Web page caption snippets

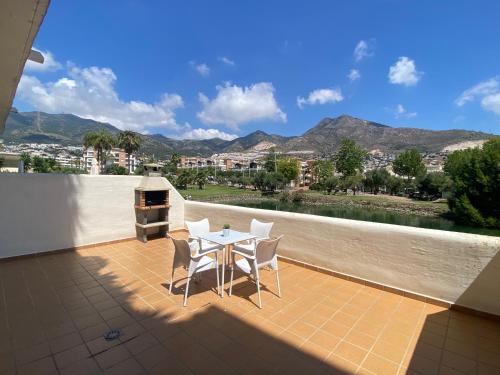 Big Terrace Benalmadena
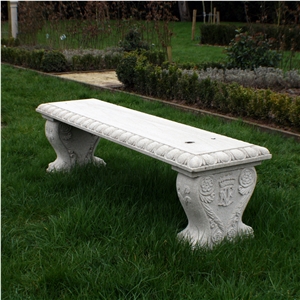 Green Sandstone Bench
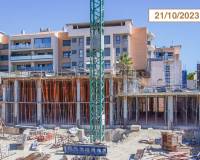 Nueva construcción  - Apartment - Vilajoyosa - Urb. Paraíso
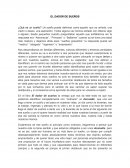 EL DADOR DE SUEÑOS.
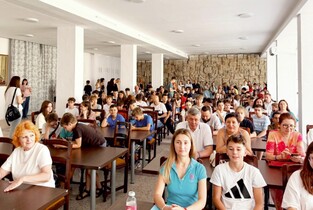 Concursul Național de Matematică «Naparis», organizat în stațiunea Amara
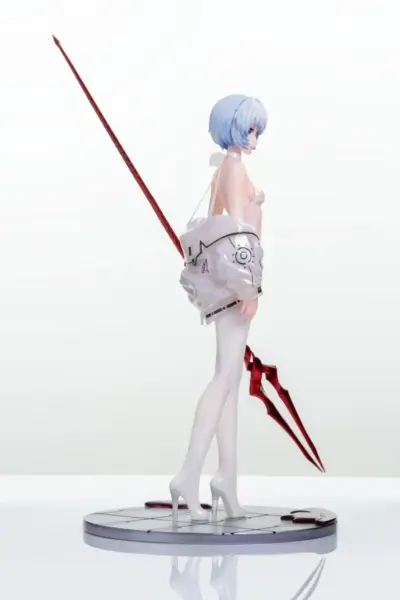 Anime Evangelion Ayanami Rei Figure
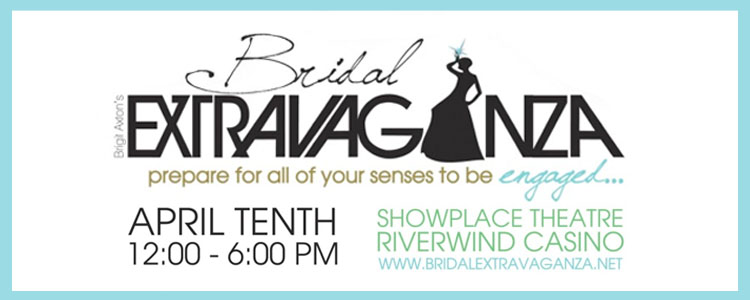 Bridal Extravaganza, Oklahoma Wedding Show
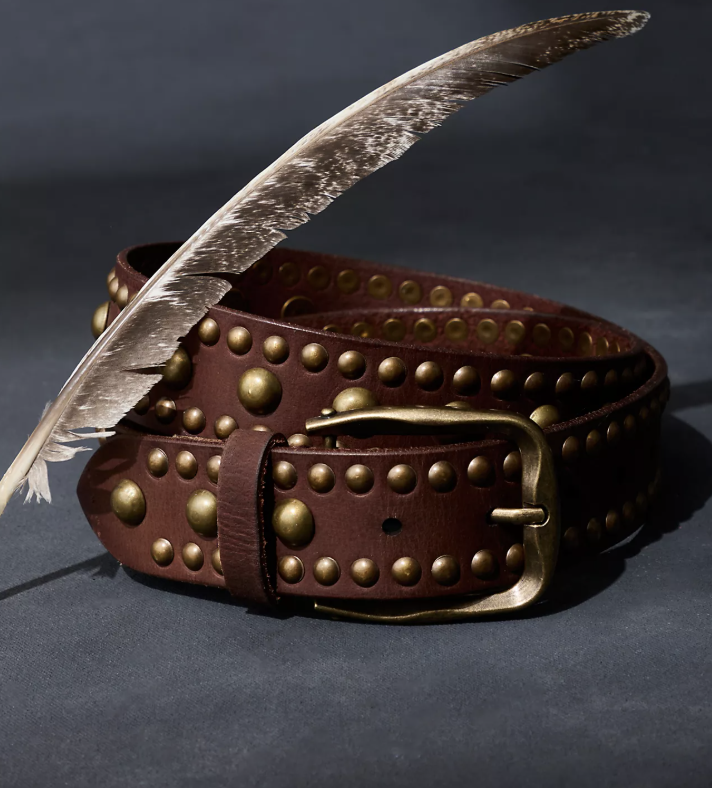 We the Free Sola Stud Belt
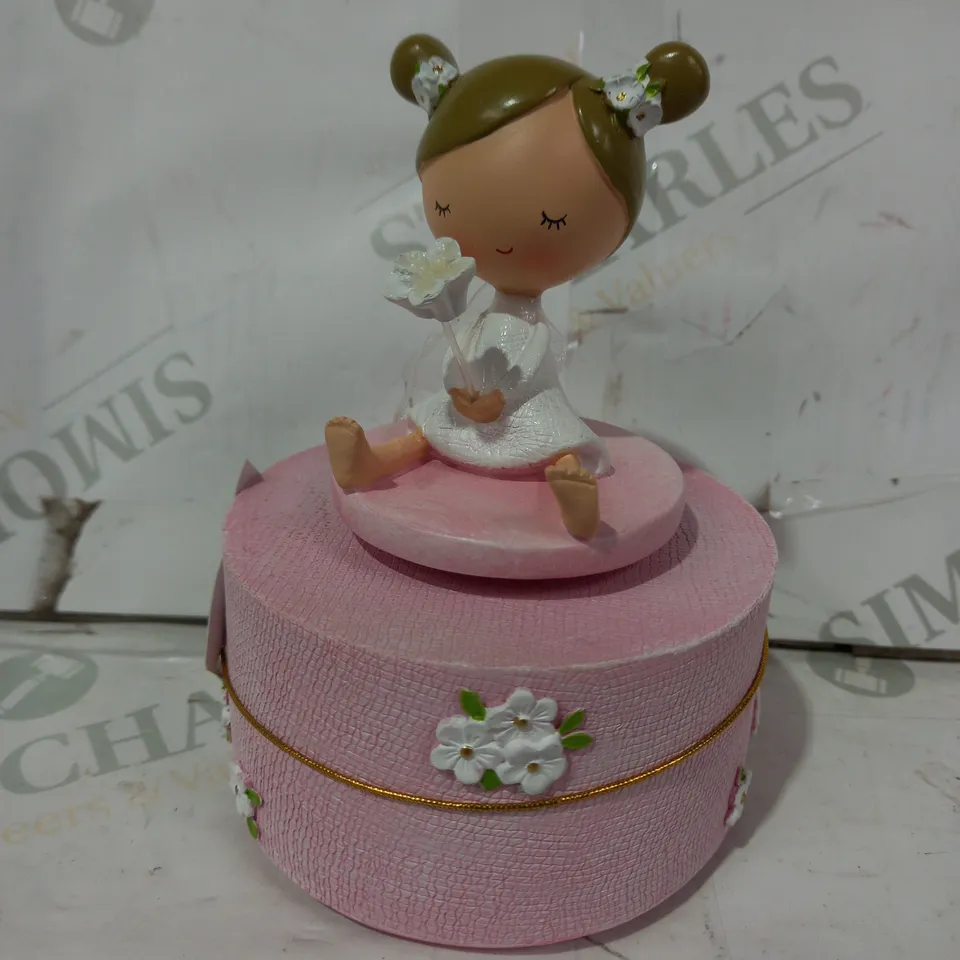 MOUSEHOUSE GIFTS - MUSIC BOX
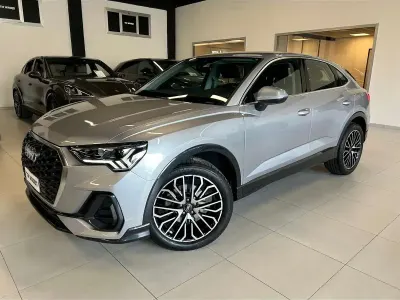 Usata Audi Q3 Business Plus 150 CV (110 kW) 2023 Argento SUV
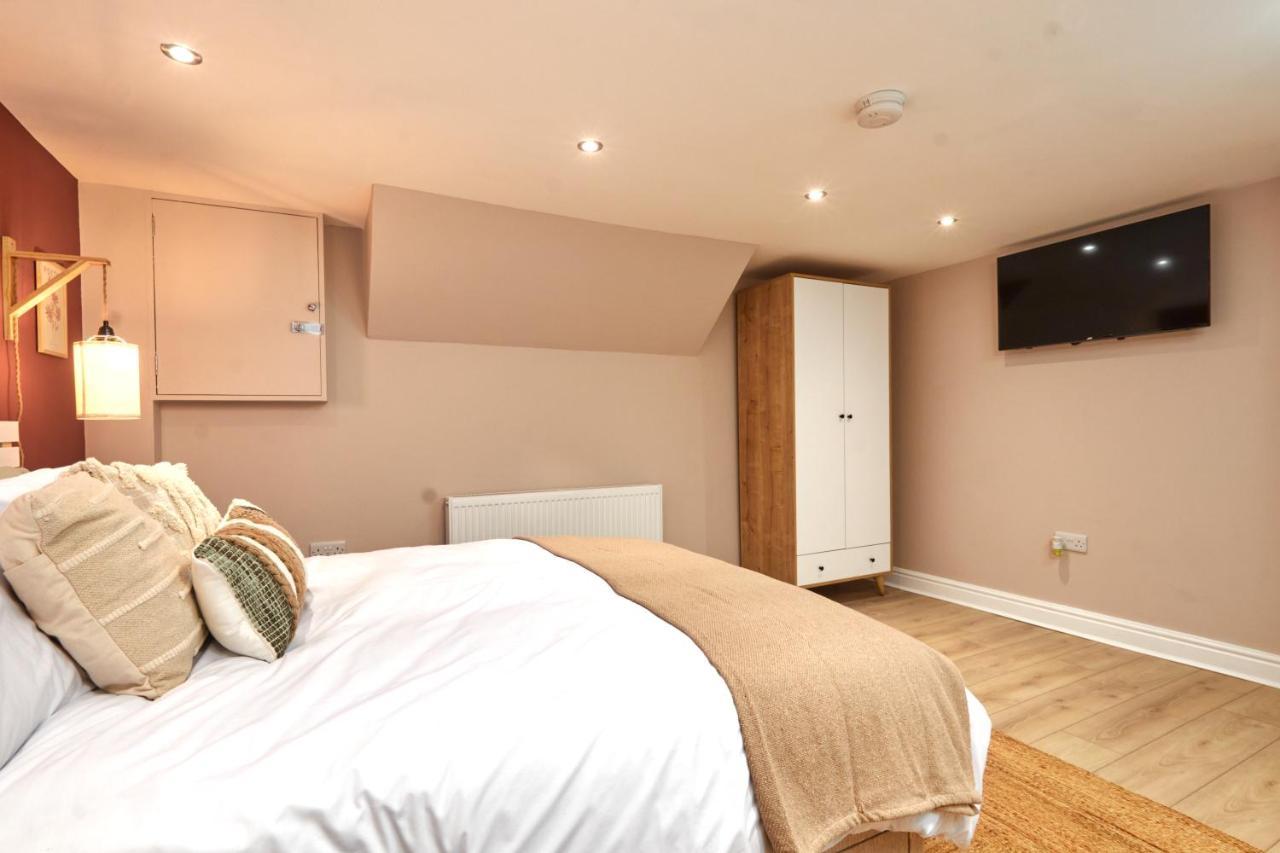 Homebird Property - Haddon House Leeds  Buitenkant foto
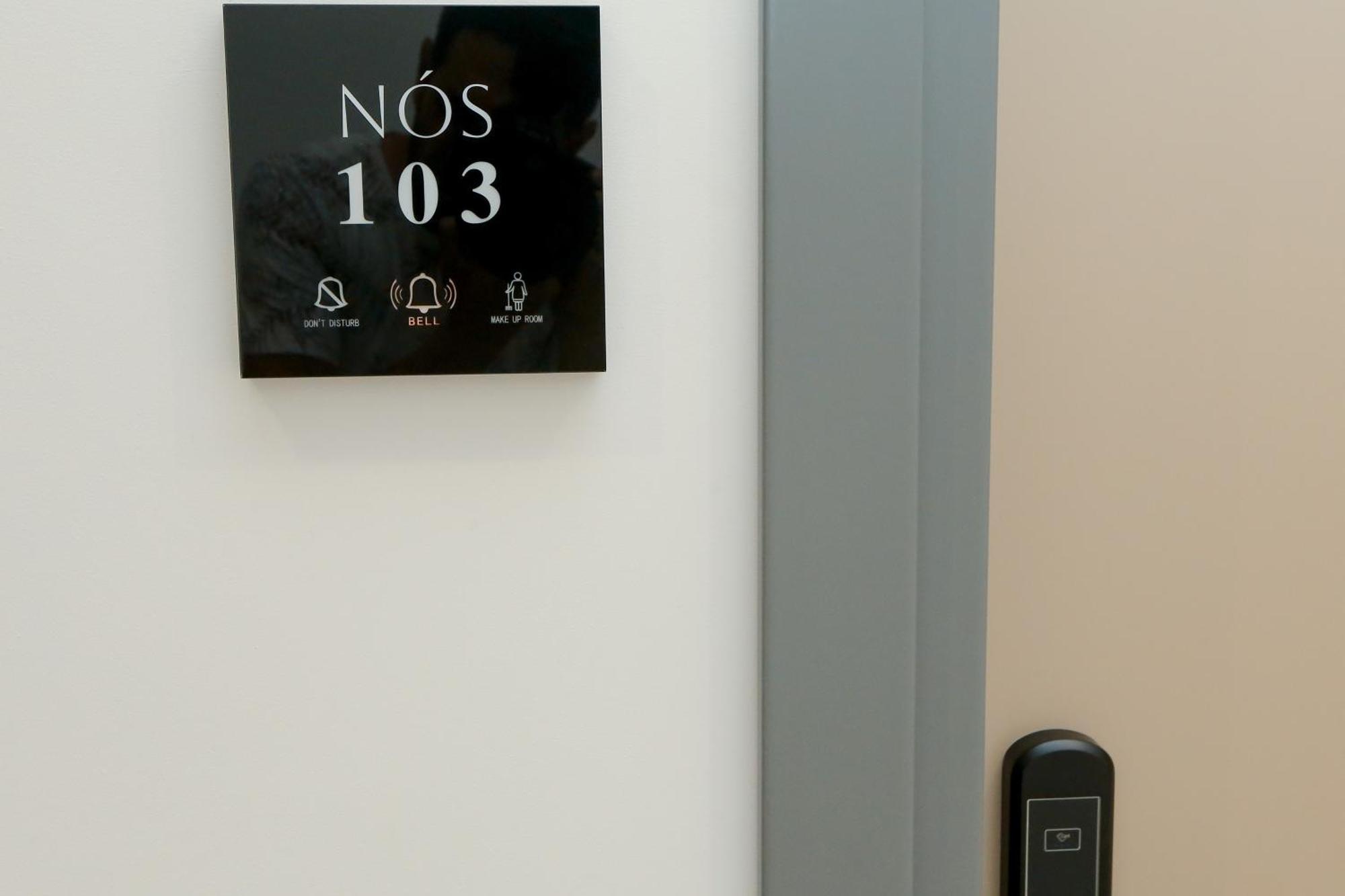 Nos Luxury Rooms Shkodër エクステリア 写真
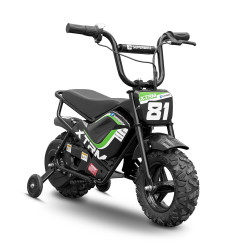 Mini moto électrique 250W pour enfant - E.SUPERBIKE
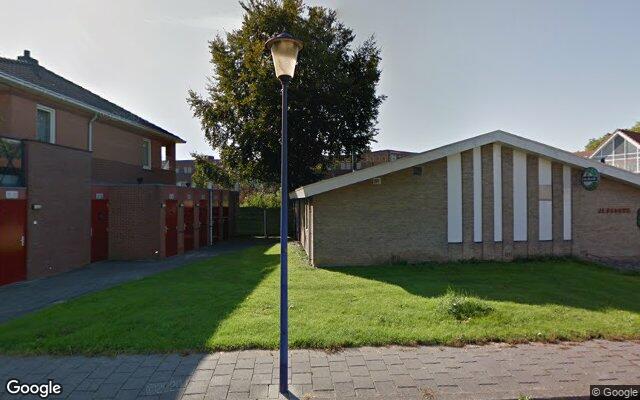 Speeltuin Claudius Civilisstraat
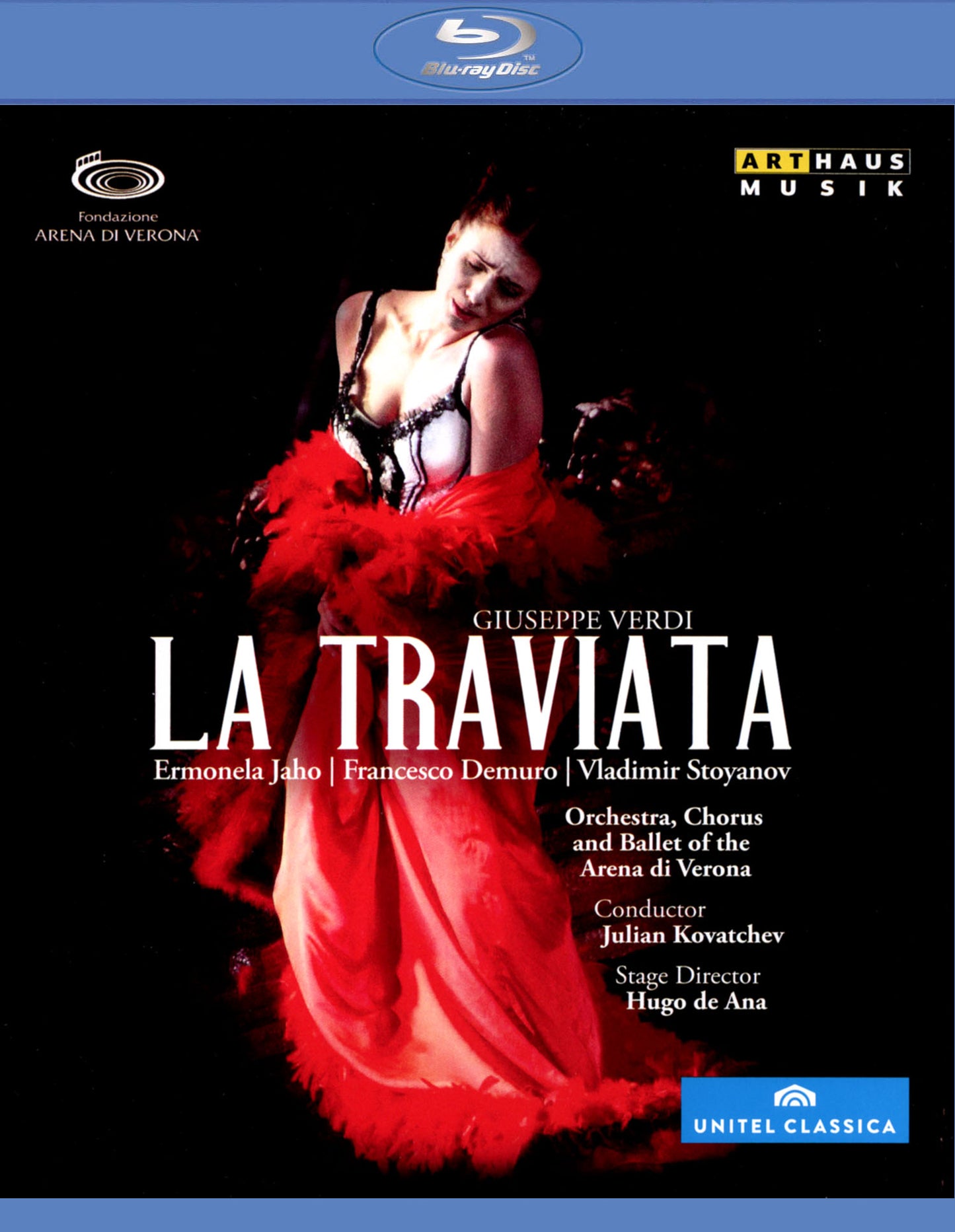 Verdi: La Traviata [Video] cover art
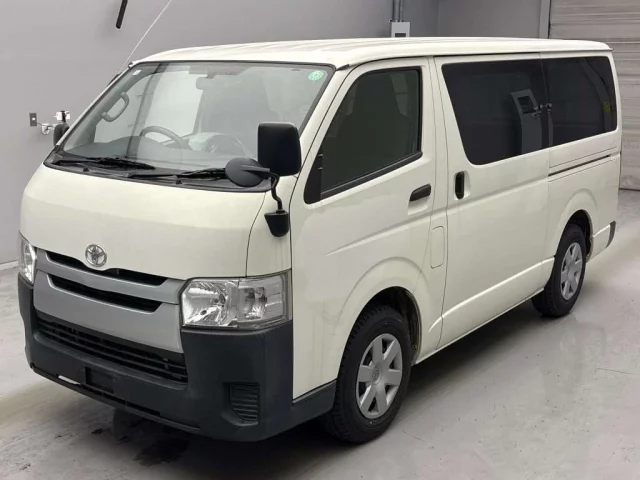 Toyota Regius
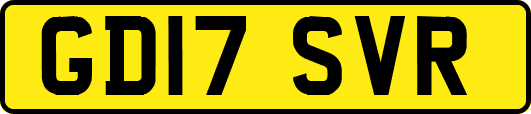 GD17SVR
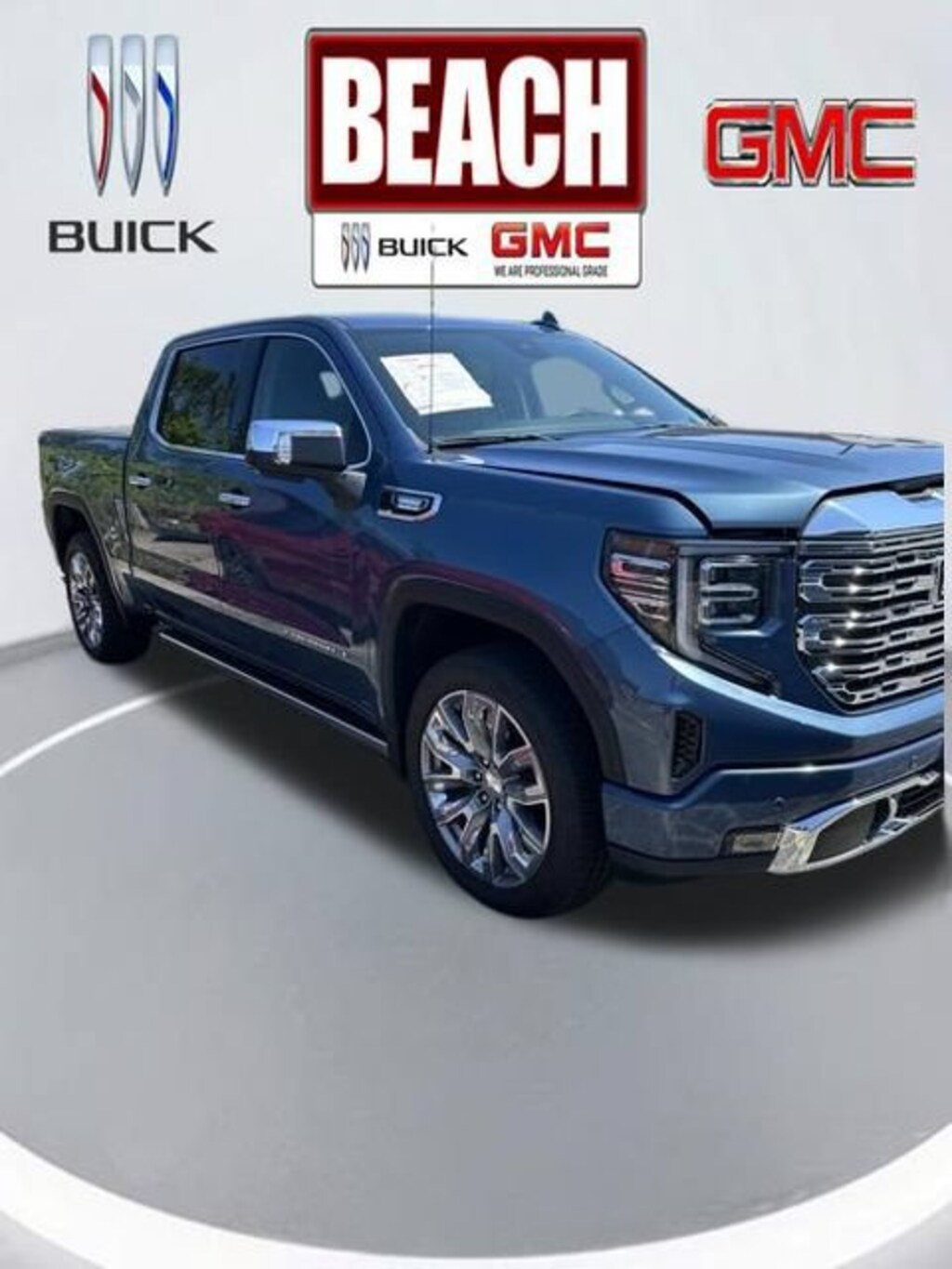 Used 2026 GMC Sierra 1500 Denali Truck Crew Cab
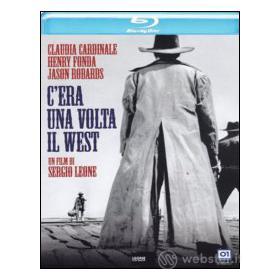 C'era una volta il West (Blu-ray)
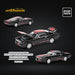 Pop Race Shelby Mustang GT500 Dark Chrome 1:64 - for just $22.99! 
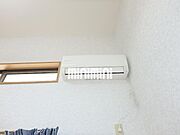 エアコン付き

• **Exercise directions**
From the records above, give again only the part that opens with the line containing "Concursul Național de" and closes with the line containing "Homebird Property - Haddon". Keep both ends but drop the pictures.

• **Answer to this problem**
 Concursul Național de Matematică «Naparis», organizat în stațiunea Amara
 Anime Evangelion Ayanami Rei Figure
 Bridal Extravaganza, Oklahoma Wedding Show
 We the Free Sola Stud Belt
 MOUSEHOUSE GIFTS - MUSIC BOX
 Usata Audi Q3 Business Plus 150 CV (110 kW) 2023 Argento SUV
 Homebird Property - Haddon House Leeds  Buitenkant foto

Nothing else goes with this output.